Unique Test for Intestinal ComplaintsJune 2018
By Dr. Shanti Albani
For those troubled by intestinal problems such as gas, bloating, diarrhea, or constipation, it is often difficult to determine the exact cause and proper treatment.
But now, as explained by Dr. Shanti Albani, there is an innovative home breath test that will help determine if the cause relates to bacterial overgrowth in the small intestines. The results may provide helpful answers to you and your physician.
LE: Many people suffer from intestinal ailments but have not been able to identify the cause of their symptoms. Now Life Extension® is offering a test that holds promise for those who suffer from chronic intestinal complaints, correct?
SA: That’s true.
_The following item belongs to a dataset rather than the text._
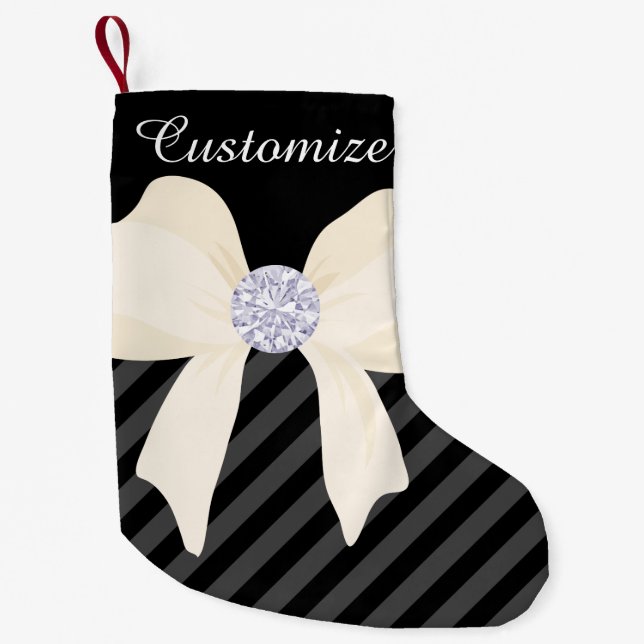 Custom Black w/Cream Bow & Diamonds Small Christmas Stocking (Front)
We recently introduced a home test that looks for a common, but underappreciated problem called small intestinal bacterial overgrowth (SIBO).
SIBO is thought to be the underlying cause in at least 60% of irritable bowel syndrome (IBS) cases, and it is also suspected when people have chronic symptoms of gas, bloating, and intestinal discomfort, even without a diagnosis of IBS.
What excites me about this test is that once SIBO is identified, specific suggestions are available that can help support and improve microbial balance in the intestinal tract. Such an approach affords more relief than therapies designed only to manage intestinal discomfort without a lasting solution.
LE: Can you tell us more about what SIBO (small intestinal bacterial overgrowth) is?
SA: For optimum health, we should have a diverse and sizable population of bacteria in our large intestine, and comparably fewer bacteria in our small intestine. In fact, the bacterial population in our gut increases as we move through the small intestine toward the colon, but it is in the colon where the microbial populations expand exponentially. In the case of SIBO, bacteria that may be considered normal in the colon can populate and overgrow in the small intestine. This overgrowth causes gas, bloating, cramping, and even systemic symptoms such as brain fog and acne. The underlying cause of SIBO is almost always a loss of normal intestinal motility.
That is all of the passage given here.